先日、ふじみ野市某所にお住まいのAさんとお会いし、安心安全な地域づくりや市民参加のあり方についてお話する機会がありました。
突然、Aさんから「谷さん、ちょっと見てくれる?」と案内されたのは、Aさん宅に隣接するアパートの駐車場でした。駐車場の一角には倉庫が建っており、「谷さん、これ何だと思う?」と聞かれ、私は正直なところ清掃用具入れかと思いました。倉庫を開けて“ビックリ!”災害時のためにペットボトルの水が大量に備蓄され、しかも購入日を記載して常に更新しているとのことでした。

災害時のためにペットボトルの水を大量に備蓄

災害が起こった時は、まず「自分の命は自分で守る」という「自助」が基本となりますが、自分のみならず周囲の人たちのことまでお考えのAさんの姿勢には、本当に頭の下がる思いでした。また、Aさんのこの取り組みが一昨年の東日本大震災以前から行われていると知り、まさに平時から「共助」を考え、実践している市民の一人であると感じました。

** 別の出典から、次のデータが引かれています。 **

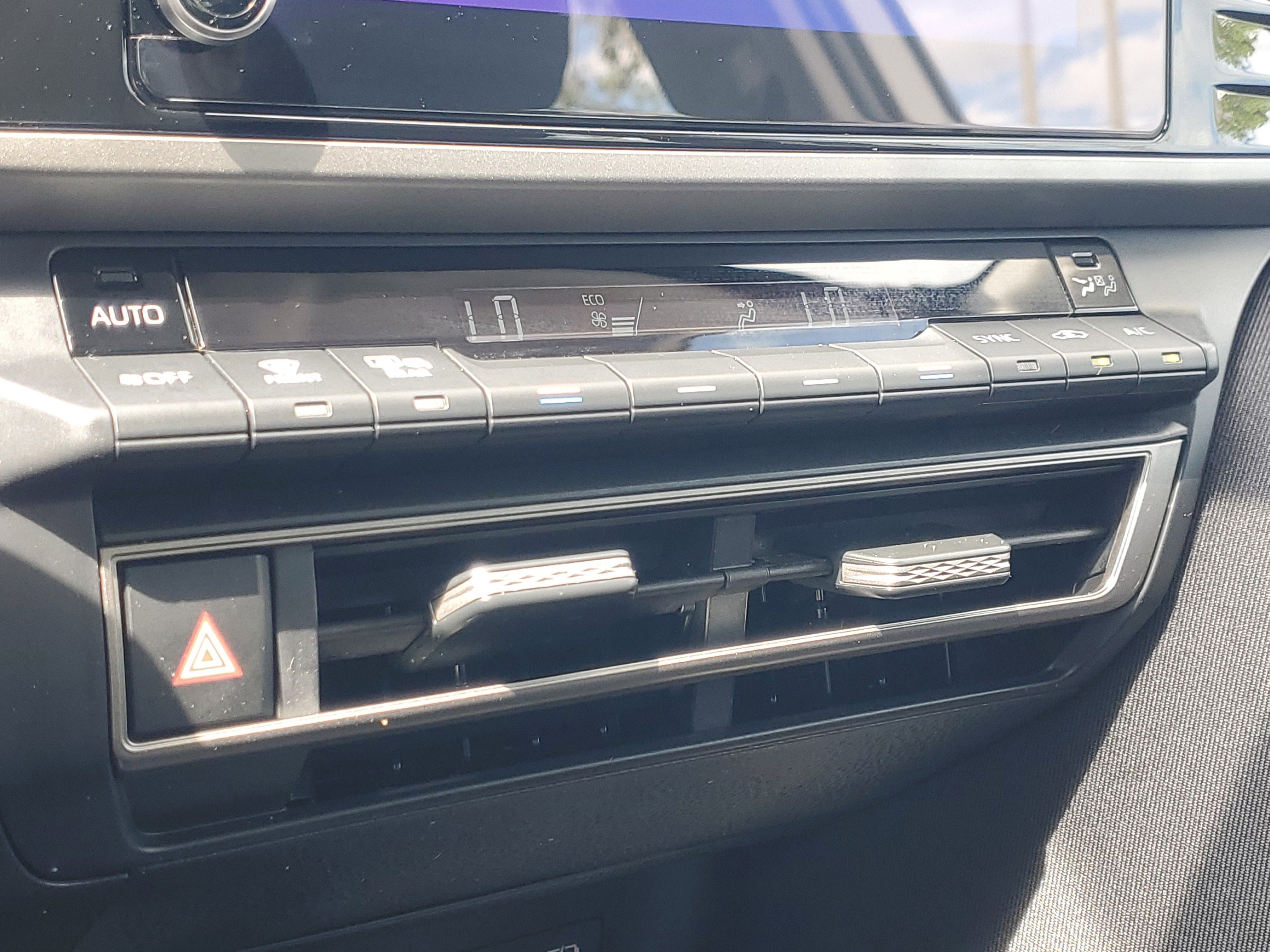 Used 2025 Ice Toyota LE image 28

昔からことわざで「遠くの親戚より近くの他人」と言われていますが、いざという時には身近にいる人が頼りになるものです。平成7年に発生した阪神淡路大震災では、地震直後に約16万4千人の市民の方が、瓦礫の下敷きになり、そのうちの約8割の人が自力で脱出し、約3万5千人の方が生き埋めになりました。生き埋めとなった要救助者のうち近隣住民が救出したのは全体の8割にあたる約2万7千人で、警察、消防、自衛隊などの行政機関が救出したのが残りの2割にあたる約8千人であったと言われています。しかも生存率については前者が約8割、後者が約5割程度であったと言われています。
これは建物の倒壊、地割れなどで道路が寸断されている場合には、消防車や救急車などの緊急車両が現場に近づけないことや、同時多発的に災害が発生した場合には本来の能力が分散されてしまい、迅速な救出が困難になることを意味しています。
このことから私たち地域住民は、日頃から災害が身近に起こりうることを強く意識し、災害時にはどのような行動をとったらいいのか、防災訓練や救命講習などに参加して知識を深めていくことが肝要だと思います。
ふじみ野市では8月25日に第2回総合防災訓練が行われます。ぜひ参加していただき、この機会に避難ルートの現地踏査を行うといざという時に有効性を発揮することと思います。